Milpa relies on a relationship-based design. Rather than using chemicals to kill all of the weeds, the Milpa works through cooperation. The corn provides a trellis for the beans to climb, the beans pull nitrogen from the air and put it into the soil, acting as a natural fertilizer, and the squash creates a living mulch with its big leaves that regulate soil temperature and help to prevent weeds. A healthy Milpa can contain tons of species, including plants that modern farmers would dismiss as weeds. Such a diverse ecosystem can withstand pests and droughts that would wipe out a monoculture field.
Carlisle then links the Milpa to the lived reality of Mesoamerican migrants. Ancestral seeds are often carried across borders, often in the face of hardship. In these communities, the Milpa is used as a form of cultural resistance. Growing Milpa is seen as an act of claiming an identity. The farmers are refusing to conform to the food system rather than erase thousands of years of botanical knowledge.
Regenerative agriculture often repackages Indigenous knowledge as “innovation” while those who had guarded that knowledge are marginalized by the agricultural policies claiming to be fixed. Milpa is not possible without the people. By abandoning the philosophy and just adopting the technique, we are just practicing a new form of colonialism.

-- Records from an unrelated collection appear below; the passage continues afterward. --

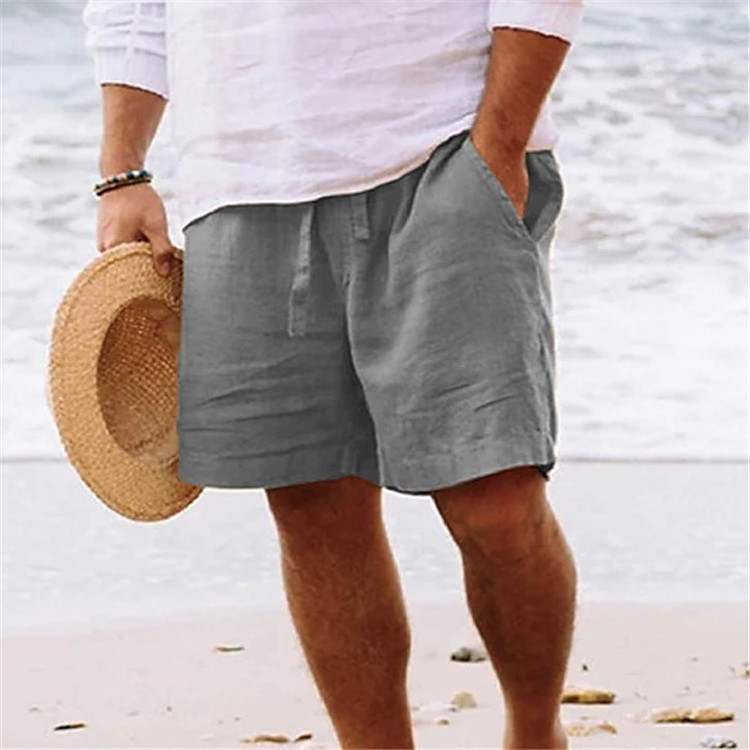 2024 men's summer cotton and linen shorts drawstring elastic waist straight leg solid color breathable beach five casual shorts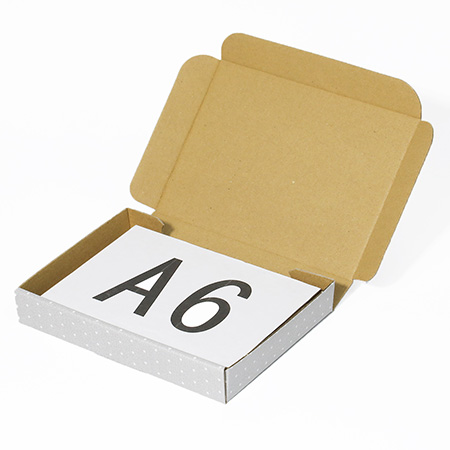 【A6/厚さ3cm】ゆうパケット対応デザインダンボール箱 ドット(グレー)-4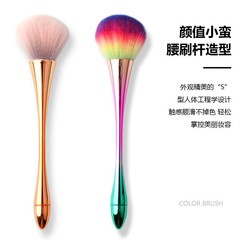 ネットの赤い同タイプの美甲の粉の塵は化粧のファンデーションの頬紅の小さい腰の化粧のブラシのセットの大きい頭の長い柄の爪のブラシを塗ります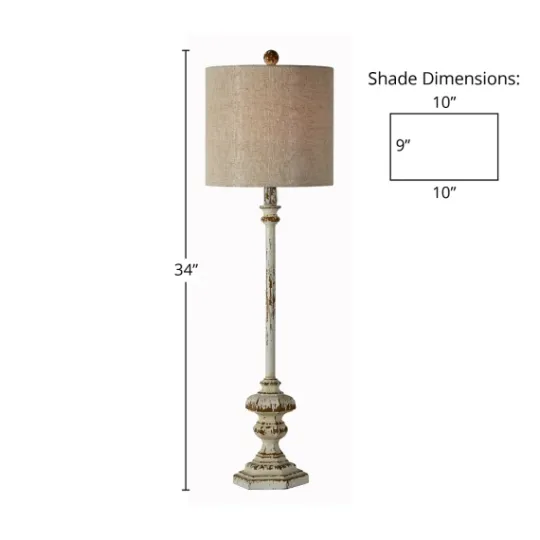Kirkland's Home Ivory Resin Distressed Traditional Buffet Lamp- Buffet Lamps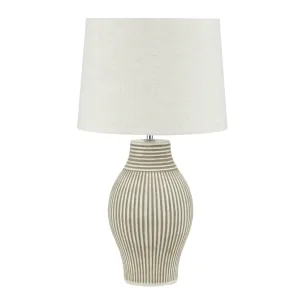 Tato Ceramic Table Lamp - Beige & White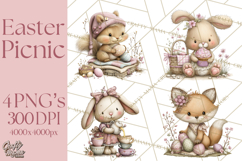 Easter Picnic Animal Clipart, Cute Spring Picnic PNG Product Image 1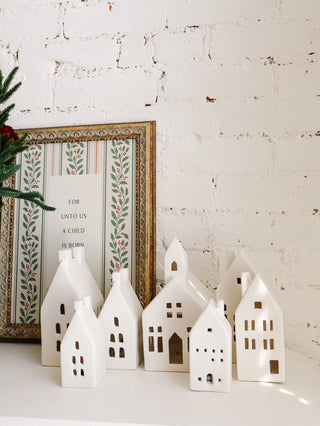 Set of 3 Matte White Ceramic Houses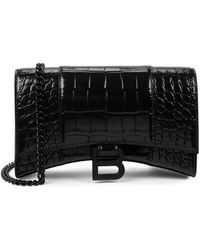 Balenciaga - Hourglass Crocodile Leather Wallet-on-chain - Lyst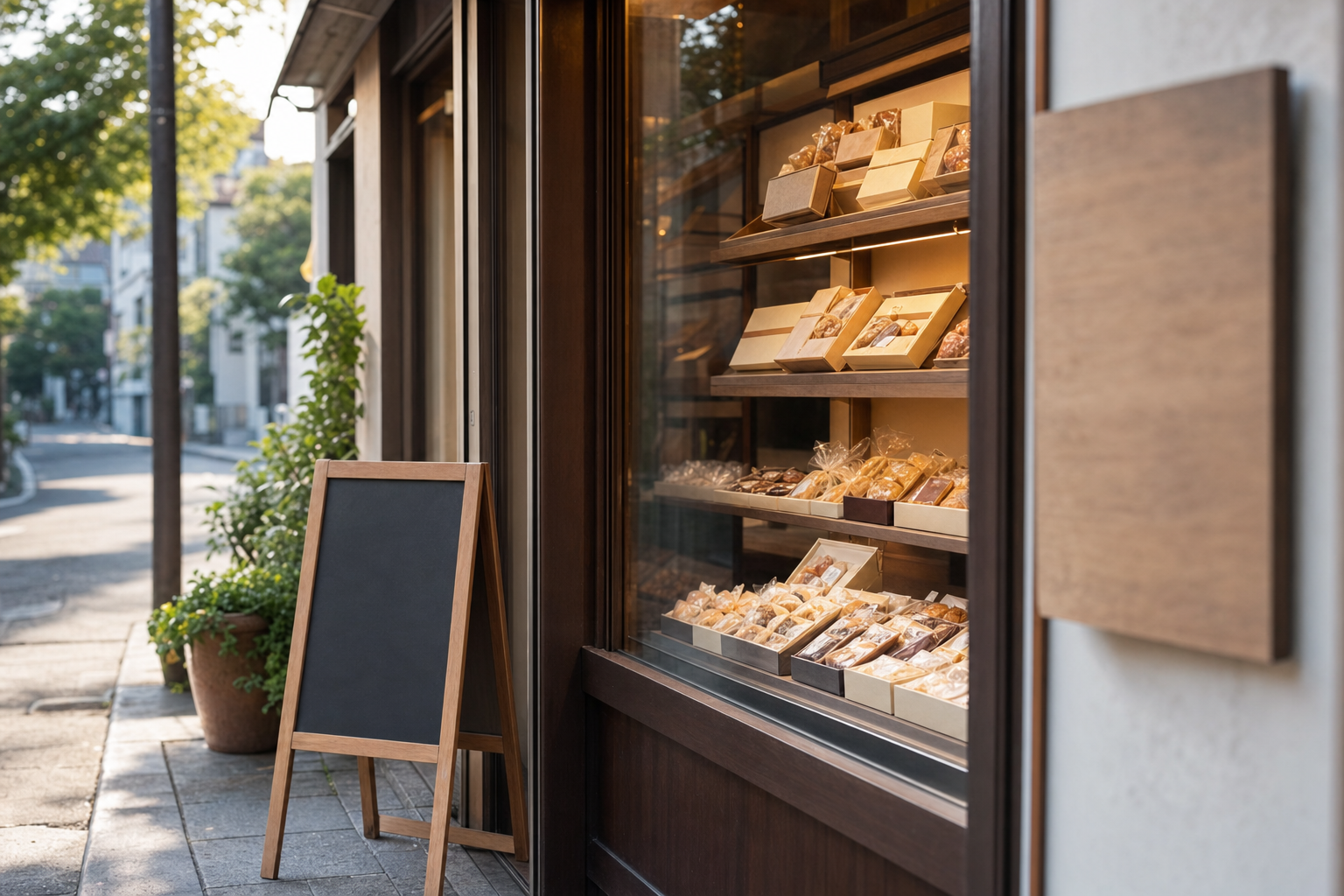 住宅街の小さな菓子店の店先。看板もA型黒板も無地で名前がなく、窓越しに個包装の焼き菓子の箱が並んでいる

The Milpa is a social contract between land, people, and ancestors rather than just a planting guide. We need to start looking at the relationships between things rather than just the techniques used. Laboratory chemicals are not needed to feed the world, instead we need to support small-scale farmers who already know how the work with the natural cycles on the planet.
4 comments:
I liked Guzman's thoughts on Latin American immigrants' traditional knowledge that promotes regenerative farming. Ancestral learning verses modern agricultural techniques.
I found it really interesting that they carried seeds across borders. I think this is an interesting way to preserve culture while moving from place to place.
110% agree that so many past techniques get rebranded as innovation. And it is theft really to call it your own technique. I really do not understand why known historical techniques that are proven to work get dismissed like this. Is it because the USA does not want to admit that their past wrongdoings have resulted in negative effects for the USA too? If so, that itself only leads policy further and further away from right.
One thing I made a note about while reading this chapter was that science and research can have a tendency to minimize the lived experiences and knowledge of minorities, and white-wash discoveries that aren't really even discoveries. We talk in the 21st century about intercropping, natural pesticide/herbicide methods, and working with the ecosystem in agriculture as if they are new topics. But people have been farming this way for thousands of years and should be the ones credited with their successes.